In our class, my highly hydrated model disrobed, and I began by asking her permission to lay my hands on her body. This is how I always begin a session, and feel it is critical for bodyworkers to gain verbal permission, every single time.  I laid my hands on her mons pubis, and her heart, and we breathed together until I felt the connection firmly established between us.  I had met her only once before, last week, when we got together to practice for the class.  We had established a good rapport then, and my goal was to make her very comfortable now, to feel safe and well cared for.  Throughout our session, I returned to eye contact with her again and again, and matched my breath to hers.

Slowly, I allowed my hands to explore her body, and started to tease pleasure to the surface of her skin.  The nerve endings in my finger tips danced with the nerve endings all over her body as we began to build erotic energy together.  We spoke quietly, as I checked in with her or as she made requests of me, staying connected and present to each other.  The rest of the room mostly faded away as we created the erotic container. From time to time I would speak to the audience (when I remembered them,) encouraging them to spend time opening the body so that the body will open.

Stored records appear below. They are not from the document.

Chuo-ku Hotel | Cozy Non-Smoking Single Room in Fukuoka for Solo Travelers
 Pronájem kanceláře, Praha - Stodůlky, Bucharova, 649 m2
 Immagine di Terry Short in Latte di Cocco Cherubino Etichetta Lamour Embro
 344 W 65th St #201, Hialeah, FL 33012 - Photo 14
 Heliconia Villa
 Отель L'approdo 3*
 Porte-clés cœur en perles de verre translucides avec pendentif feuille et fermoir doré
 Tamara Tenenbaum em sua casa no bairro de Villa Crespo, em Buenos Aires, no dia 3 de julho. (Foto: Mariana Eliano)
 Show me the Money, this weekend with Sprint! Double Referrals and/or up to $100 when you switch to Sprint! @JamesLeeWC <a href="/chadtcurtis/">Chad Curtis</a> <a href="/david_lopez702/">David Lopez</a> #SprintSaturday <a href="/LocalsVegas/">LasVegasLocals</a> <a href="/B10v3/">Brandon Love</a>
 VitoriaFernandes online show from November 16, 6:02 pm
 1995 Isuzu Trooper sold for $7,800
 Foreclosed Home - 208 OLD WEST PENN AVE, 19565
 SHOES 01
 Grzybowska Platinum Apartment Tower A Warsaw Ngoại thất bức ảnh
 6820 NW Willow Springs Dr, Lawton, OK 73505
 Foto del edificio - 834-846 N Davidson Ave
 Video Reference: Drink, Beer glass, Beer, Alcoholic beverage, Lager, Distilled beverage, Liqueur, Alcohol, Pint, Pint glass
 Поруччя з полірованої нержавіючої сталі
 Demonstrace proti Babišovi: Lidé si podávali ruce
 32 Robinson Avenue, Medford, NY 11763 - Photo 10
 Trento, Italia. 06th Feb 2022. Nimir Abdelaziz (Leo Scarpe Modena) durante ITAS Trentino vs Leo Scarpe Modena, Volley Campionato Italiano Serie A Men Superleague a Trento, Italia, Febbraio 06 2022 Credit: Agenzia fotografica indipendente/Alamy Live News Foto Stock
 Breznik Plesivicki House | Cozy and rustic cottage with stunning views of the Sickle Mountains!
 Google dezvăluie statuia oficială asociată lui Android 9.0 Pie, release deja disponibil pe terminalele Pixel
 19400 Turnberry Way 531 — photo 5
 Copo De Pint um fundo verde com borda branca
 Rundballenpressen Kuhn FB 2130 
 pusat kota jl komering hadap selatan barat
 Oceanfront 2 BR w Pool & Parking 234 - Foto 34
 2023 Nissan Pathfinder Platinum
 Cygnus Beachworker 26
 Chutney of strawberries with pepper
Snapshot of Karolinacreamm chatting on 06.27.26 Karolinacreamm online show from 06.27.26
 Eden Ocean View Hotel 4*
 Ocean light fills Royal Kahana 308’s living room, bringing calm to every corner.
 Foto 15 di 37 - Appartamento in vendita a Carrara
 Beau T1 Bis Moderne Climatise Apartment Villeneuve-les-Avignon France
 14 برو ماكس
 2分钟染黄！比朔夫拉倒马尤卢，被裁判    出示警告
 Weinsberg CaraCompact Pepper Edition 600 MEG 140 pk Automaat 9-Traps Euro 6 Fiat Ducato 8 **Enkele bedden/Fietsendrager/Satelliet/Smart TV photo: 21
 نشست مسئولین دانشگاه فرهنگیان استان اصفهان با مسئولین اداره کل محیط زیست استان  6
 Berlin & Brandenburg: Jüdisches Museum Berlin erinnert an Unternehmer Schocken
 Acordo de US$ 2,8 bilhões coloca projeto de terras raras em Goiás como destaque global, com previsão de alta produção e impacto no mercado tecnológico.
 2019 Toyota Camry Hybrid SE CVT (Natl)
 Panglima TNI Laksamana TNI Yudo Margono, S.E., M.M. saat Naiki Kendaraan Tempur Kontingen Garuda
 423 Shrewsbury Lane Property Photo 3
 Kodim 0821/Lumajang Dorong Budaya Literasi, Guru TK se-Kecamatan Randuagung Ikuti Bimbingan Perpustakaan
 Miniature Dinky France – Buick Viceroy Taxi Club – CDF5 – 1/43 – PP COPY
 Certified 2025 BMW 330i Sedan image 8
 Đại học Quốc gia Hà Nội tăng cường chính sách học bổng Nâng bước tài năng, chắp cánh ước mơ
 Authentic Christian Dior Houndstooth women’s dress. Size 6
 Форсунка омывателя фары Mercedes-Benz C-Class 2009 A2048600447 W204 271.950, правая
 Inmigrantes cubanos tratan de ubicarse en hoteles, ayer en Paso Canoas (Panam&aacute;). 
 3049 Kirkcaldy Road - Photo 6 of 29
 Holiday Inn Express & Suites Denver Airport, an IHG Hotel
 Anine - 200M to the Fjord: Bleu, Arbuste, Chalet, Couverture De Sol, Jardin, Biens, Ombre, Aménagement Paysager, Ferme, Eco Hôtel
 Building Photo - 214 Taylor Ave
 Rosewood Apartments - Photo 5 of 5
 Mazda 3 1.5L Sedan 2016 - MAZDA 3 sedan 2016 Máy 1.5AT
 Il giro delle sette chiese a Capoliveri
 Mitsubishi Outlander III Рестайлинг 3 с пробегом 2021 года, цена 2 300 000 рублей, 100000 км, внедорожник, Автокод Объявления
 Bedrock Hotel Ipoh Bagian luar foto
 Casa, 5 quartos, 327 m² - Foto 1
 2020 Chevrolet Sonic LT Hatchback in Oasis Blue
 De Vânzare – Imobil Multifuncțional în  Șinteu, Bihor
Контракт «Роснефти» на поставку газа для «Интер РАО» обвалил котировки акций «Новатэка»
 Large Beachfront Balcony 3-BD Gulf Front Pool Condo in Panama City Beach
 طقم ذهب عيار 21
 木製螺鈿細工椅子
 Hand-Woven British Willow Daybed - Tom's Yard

Eventually, legs in the air and wrapped around my shoulder, she ejaculated into my gloved hand.  And then did it again.  I allowed her sacred waters to pour from my hand from above the table, allowing the audience to view the nectar of the process.  She then asked for and had a clitoral orgasm.  Afterwards, I held her, hugged her, and felt protective of her space.  Our connection was my focus.

As she recovered, we began to take questions.  The room had been pin-drop silent during the demo except for a few comments from me, her or the facilitator.  Now, people excitedly peppered us with queries.  The room was alive with possibility, and those gathered were eager to practice in the lab part of the class.  At that point, after speaking privately with a number of people about their individual struggles (including one very sweet pre-orgasmic woman and her partner) I left them to the erotic practice component.

I believe that the places we focus our attention come alive.  Over time, we learn new pathways into our deepest pleasure.  With practice, we get good at knowing our own bodies and responses.  With connection, we feel deeply held as we courageously explore that which we don’t know.

So is it pee?  I don’t think so, but I don’t really know.  And I don’t really care.  My own erotic practice of learning ejaculation has awakened tissues and nerves that I feel deep gratitude for knowing.  The permission to evolve as a sexual being that I have given and continue to give myself is profoundly satisfying.  And my erotic explorations have helped me know truths that I couldn’t have accessed otherwise.  And if that means I leave pee spots on my sheets sometimes, so be it.  It’s worth it.